The opinion of the court was delivered by: MINER
MEMORANDUM-DECISION and ORDER
Plaintiff brought this civil rights action pursuant to the provisions of 42 U.S.C. §§ 1983 and 1985, claiming that he was discharged from the position of Deputy Commissioner of the Department of Public Works of the City of Albany in violation of rights guaranteed to him by the first, ninth and fourteenth amendments to the United States Constitution. At trial, plaintiff asserted only the first amendment violation as a basis for the relief sought -- compensatory damages for lost pay and mental anguish in the sum of $250,000; punitive damages in the sum of $1 million dollars (as against the individual defendants only); and attorney's fees to be fixed by the Court. Jurisdiction is predicated upon 28 U.S.C. § 1343. The action was tried to the Coaurt on March 29, 1983,
and final submissions were filed on April 12, 1983. There follow the findings of fact (including as part hereof the "Stipulated Facts" submitted by the parties) and the conclusions of law mandated by Fed.R.Civ.P. 52(a). [See Appendix.]
Clarence A. Phelan, the plaintiff, served in various capacities in the City of Albany Public Works Department from July 15, 1968, when he began his employment as a chauffeur, until January 27, 1978, when he was discharged as Deputy Commissioner of Public Works. Plaintiff was appointed to the position of Deputy Commissioner by defendant Harry F. Maikels, Commissioner of Public Works, on January 10, 1974, approximately ten days after Maikels became Commissioner. The appointment was approved by the Mayor of the City of Albany, defendant Erastus Corning II.
By letter dated October 21, 1974, the Executive Director of Council 66, American Federation of State, County and Municipal Employees, notified the Mayor of Albany that certain named city employees were engaged in organizing an employees' union. Among those named in the letter were George Strokes and Willard Van Valkenburg, equipment operators in the Department of Public Works. Prior to that time, Strokes had been observed soliciting employees at the Bureau of Streets garage.On or about November 12, 1974, Strokes was discharged from his employment and, soon thereafter, challenged his discharge in an improper practice proceeding before the New York State Public Employment Relations Board and in a proceeding pursuant to N.Y.Civ.Prac.Law Art. 78 before the New York Supreme Court.
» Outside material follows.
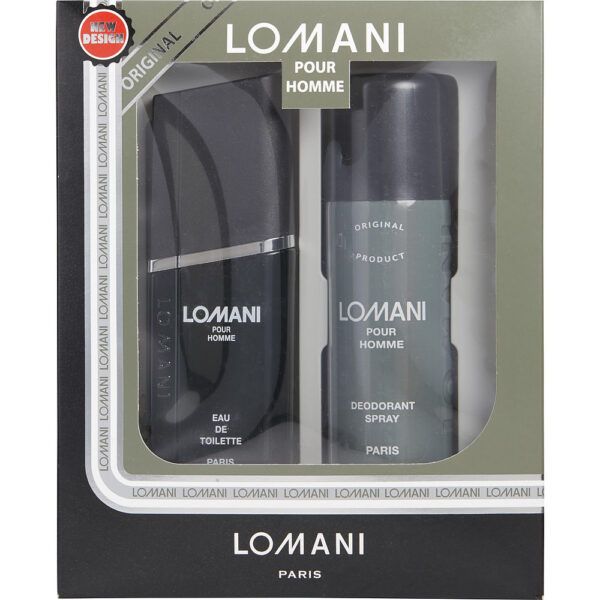 Lomani & DEODORANT Eau de Toilette for Men – 3.3 oz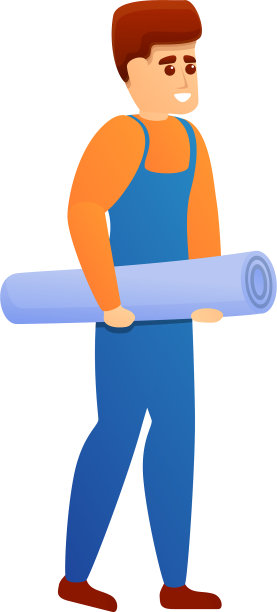 修理工管道工图标卡通风格图片下载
Both proceedings were settled by a stipulation permitting Strokes to return to work with back pay and pension and seniority rights.
Willard Van Valkenburg was absent from his employment from January 20-January 31, 1975. During his absence, Strokes was ordered, but refused, to operate the backhoe equipment assigned to Van Valkenburg. Department policy called for the submission of a doctor's certificate after the third day of absence. Plaintiff notified Maikels after Van Valkenburg's third day of absence without a certificate and was told to keep a "running record" on Van Valkenburg. Accordingly, plaintiff reported to Maikels regarding the absences by letters dated January 23, 24, 27, 28, 29, 30, 31 and February 3, 1975. In the letter of January 27, plaintiff advised the commissioner as follows: "Mr. Van Valkenburg reported for duty this date, Monday, January 27th, 1975, advising that he had been sick. In-as-much [sic] as Mr. Van Valkenburg had been absent since January 20th, 1975, I sent him home until such time as he produces a Doctor's certificate that he is able to resume work." Van Valkenburg did not report for work thereafter until February 3, 1975, at which time he produced a doctor's certificate attesting to his treatment on January 27 and his ability to return to work on January 29. These facts were reported in plaintiff's letter of February 3.
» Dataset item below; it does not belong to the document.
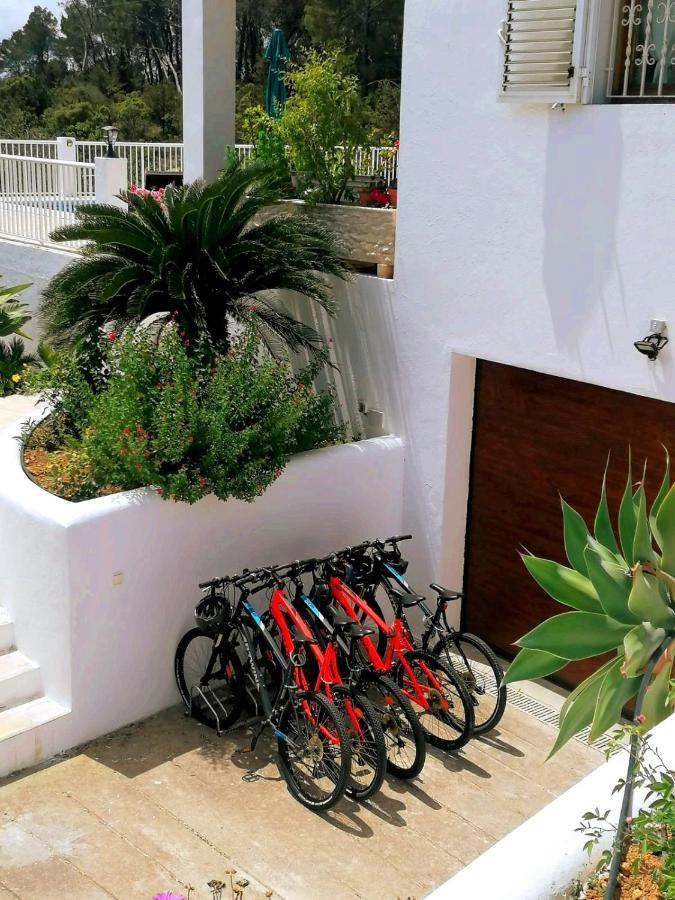 Villa Es Socorrat Na Xamena Exteriér fotografie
Based on the information furnished to the Commissioner by plaintiff, the Corporation Counsel's office prepared charges against Van Valkenburg for a disciplinary hearing pursuant to New York Civil Service Law § 75. This was the only disciplinary hearing ever brought against a Public Works Department employee for absence due to a claim of illness. Plaintiff testified at the hearing on February 26, 1975 that he had not in fact seen Van Valkenburg on January 27, 1975 and that the charges were incorrect in that respect.It was plaintiff's belief, according to the testimony, that Van Valkenburg had spoken by telephone on January 27 with the timekeeper, Mr. Ridgway, who advised Van Valkenburg that a doctor's certificate was required. At the hearing, plaintiff testified that he did not read the charges carefully, although at trial he testified that he was directed to sign the charges without having any opportunity to read them. Apparently, no disciplinary action ever was taken against Van Valkenburg.
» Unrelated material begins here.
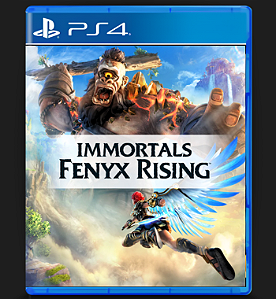Immortals Fenyx Rising Ps4 Mídia Digital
Plaintiff traces the diminution of his authority in the Public Works Department and his eventual discharge in January of 1978 to his testimony at the Van Valkenburg hearing. However, Michael Manning was appointed Deputy Field Commissioner on January 21, 1975 at a salary in excess of that of plaintiff. Manning had extensive experience in the private sector in excavation, paving and sewer installation.He was hired originally as a field investigator in the Public Works Department on December 9, 1974. His hiring came about as the result of the desire of the Commissioner to expand the Department's capacity to perform public works projects and to reduce the need for retaining private contractors. During his eighteen months tenure in the Department, Manning trained and personally supervised city employees in attending to broken sewer lines, drainage problems and major pavement failures, substantially improving the Department's capability for specialized work and reducing its reliance on private contractors. Although plaintiff continued to hold the title of Deputy Commissioner, his responsibilities were diminished gradually after Manning arrived. Commencing in September and October of 1974, Commissioner Maikels had become increasingly dissatisfied with plaintiff's job performance and lack of expertise, reprimanding him on several occasions for failing to coordinate the work of the street crews properly and for neglecting to give proper direction to supervisors.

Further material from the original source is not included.